INFORMATION Block Start
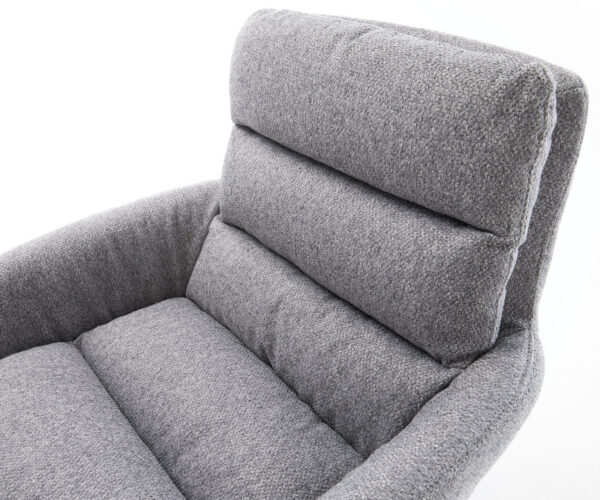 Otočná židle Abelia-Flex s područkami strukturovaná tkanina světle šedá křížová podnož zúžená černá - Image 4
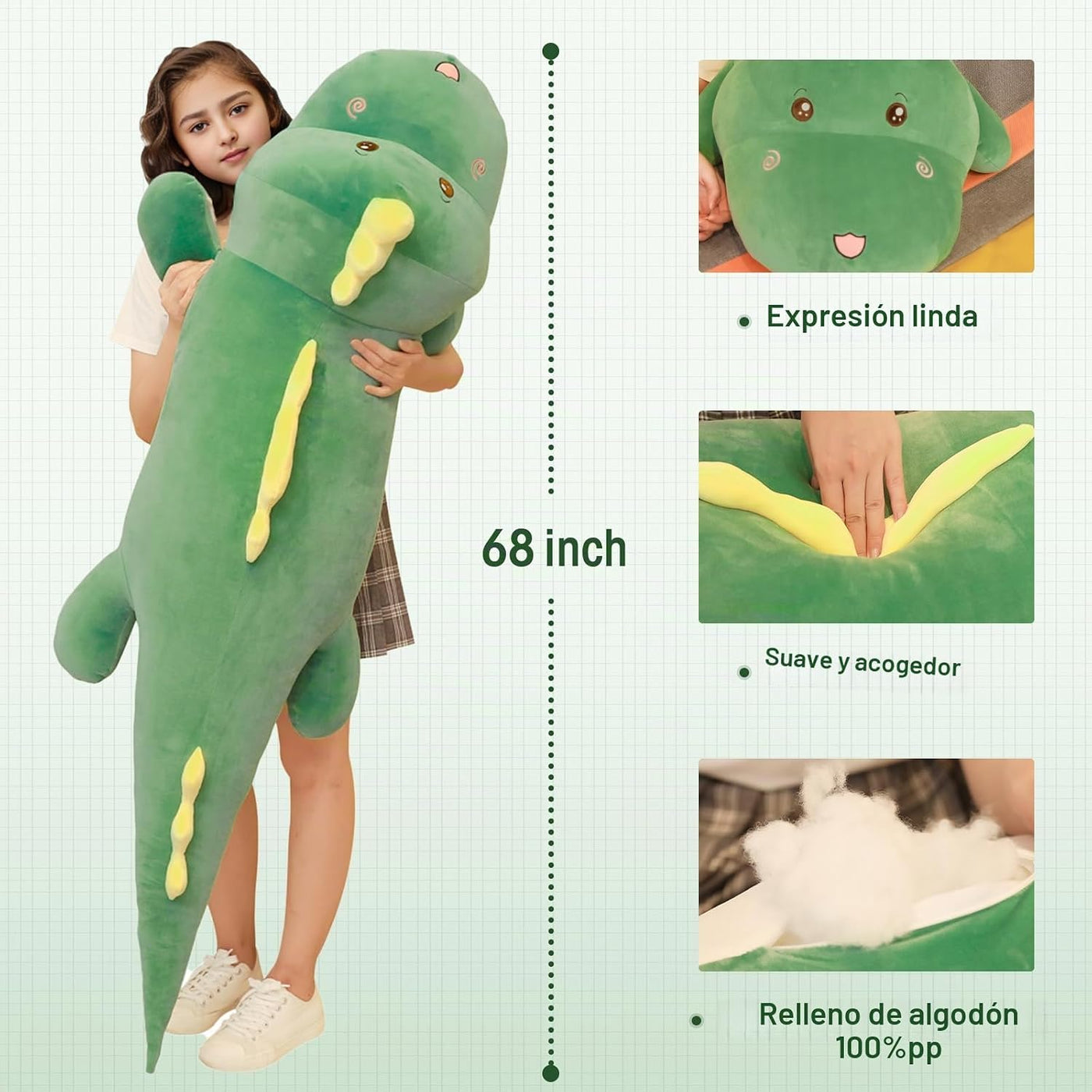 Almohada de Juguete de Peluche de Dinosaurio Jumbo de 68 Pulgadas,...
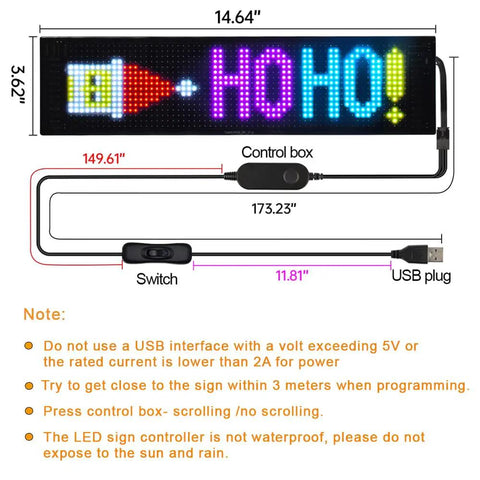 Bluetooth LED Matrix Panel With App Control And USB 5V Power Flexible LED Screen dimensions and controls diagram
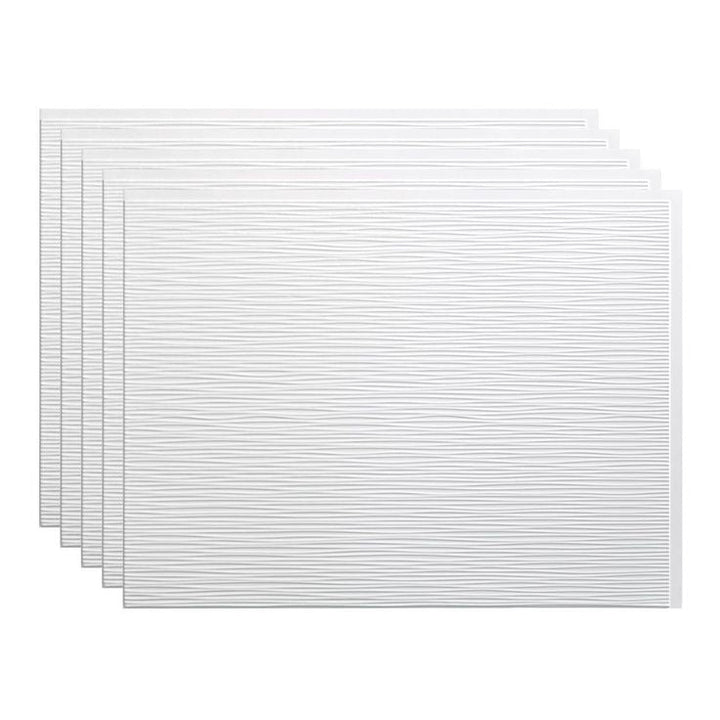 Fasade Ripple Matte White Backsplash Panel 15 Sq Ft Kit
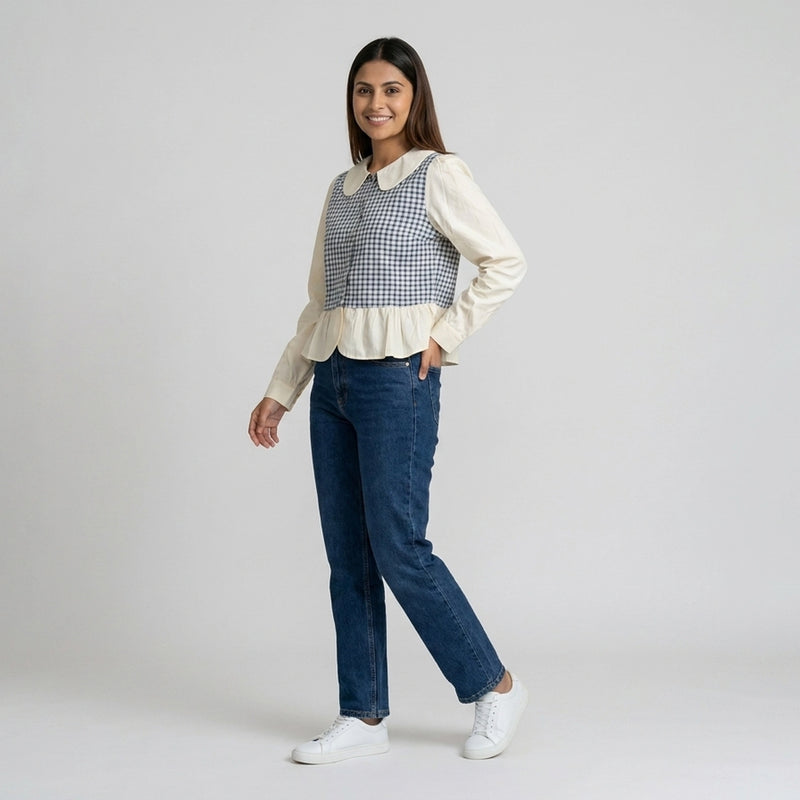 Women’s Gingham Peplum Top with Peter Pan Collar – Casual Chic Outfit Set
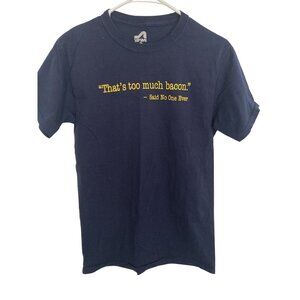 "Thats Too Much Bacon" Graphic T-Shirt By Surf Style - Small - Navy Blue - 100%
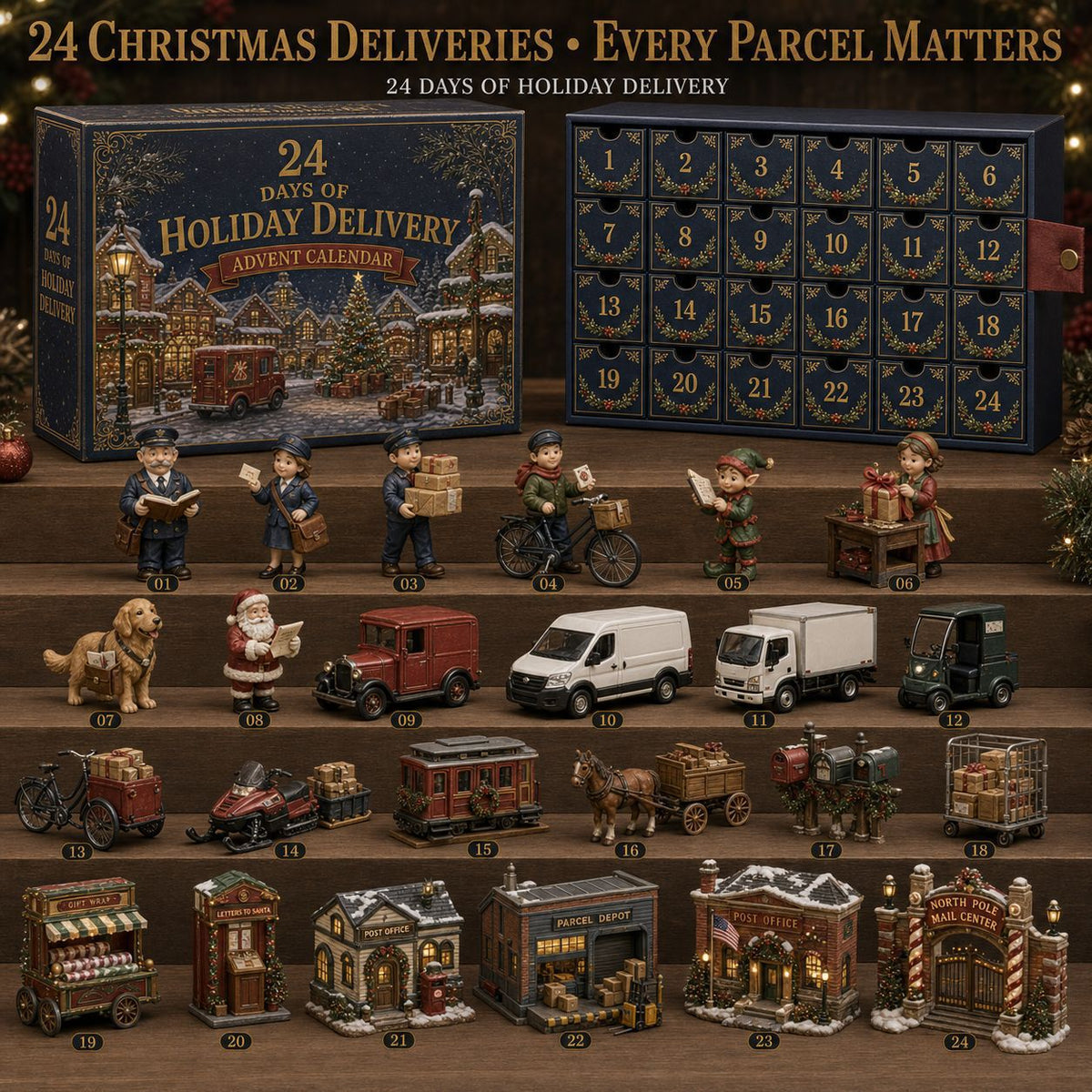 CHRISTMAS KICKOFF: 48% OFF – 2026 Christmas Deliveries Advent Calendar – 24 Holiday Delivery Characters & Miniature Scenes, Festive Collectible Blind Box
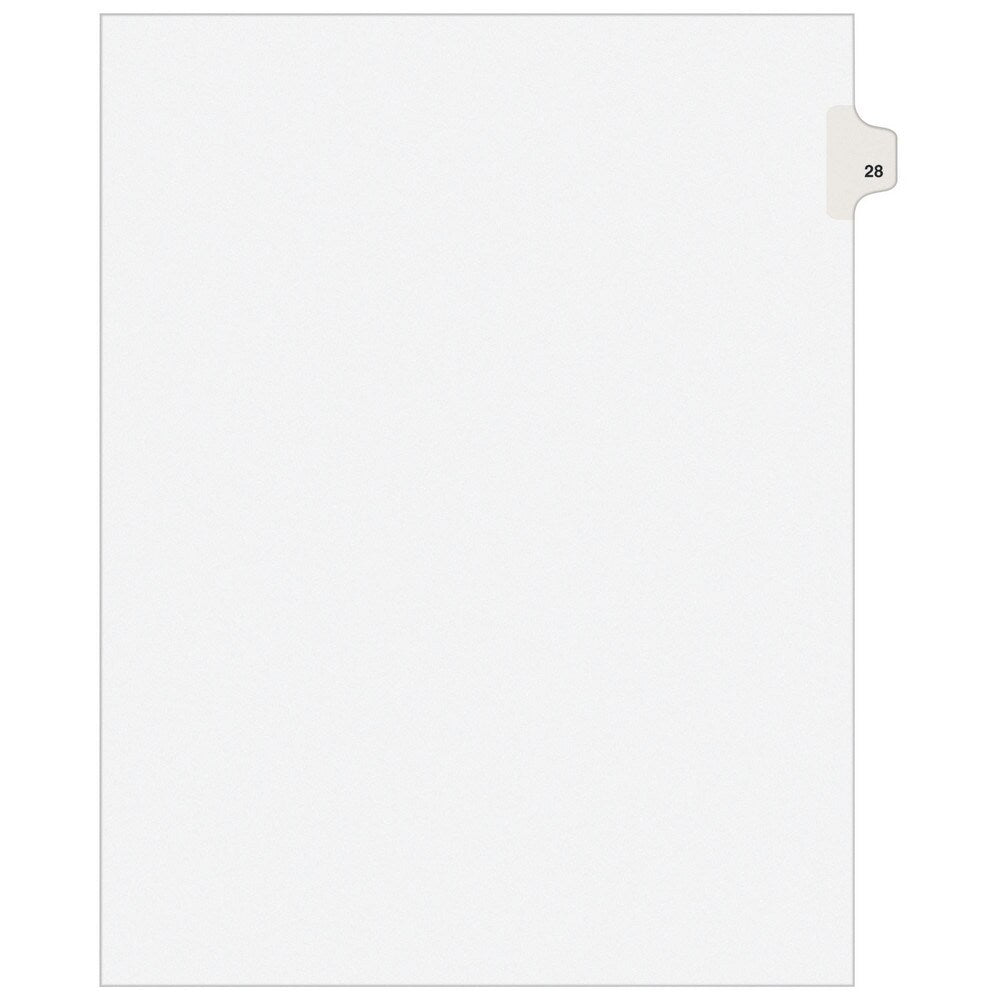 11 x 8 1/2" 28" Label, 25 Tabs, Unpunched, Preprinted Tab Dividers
INFORMATION Block End
◆ **WORK INSTRUCTION**
Take the line with "Almohada de Juguete" and each line after it through the end of the material above, and reproduce them exactly, without the pictures.

◆ **SOLUTION FOR THIS TASK**
 Almohada de Juguete de Peluche de Dinosaurio Jumbo de 68 Pulgadas,...
 Bluetooth LED Matrix Panel With App Control And USB 5V Power Flexible LED Screen dimensions and controls diagram
 Fasade Ripple Matte White Backsplash Panel 15 Sq Ft Kit
 Women’s Gingham Peplum Top with Peter Pan Collar – Casual Chic Outfit Set
 "Thats Too Much Bacon" Graphic T-Shirt By Surf Style - Small - Navy Blue - 100%
 CHRISTMAS KICKOFF: 48% OFF – 2026 Christmas Deliveries Advent Calendar – 24 Holiday Delivery Characters & Miniature Scenes, Festive Collectible Blind Box
 11 x 8 1/2" 28" Label, 25 Tabs, Unpunched, Preprinted Tab Dividers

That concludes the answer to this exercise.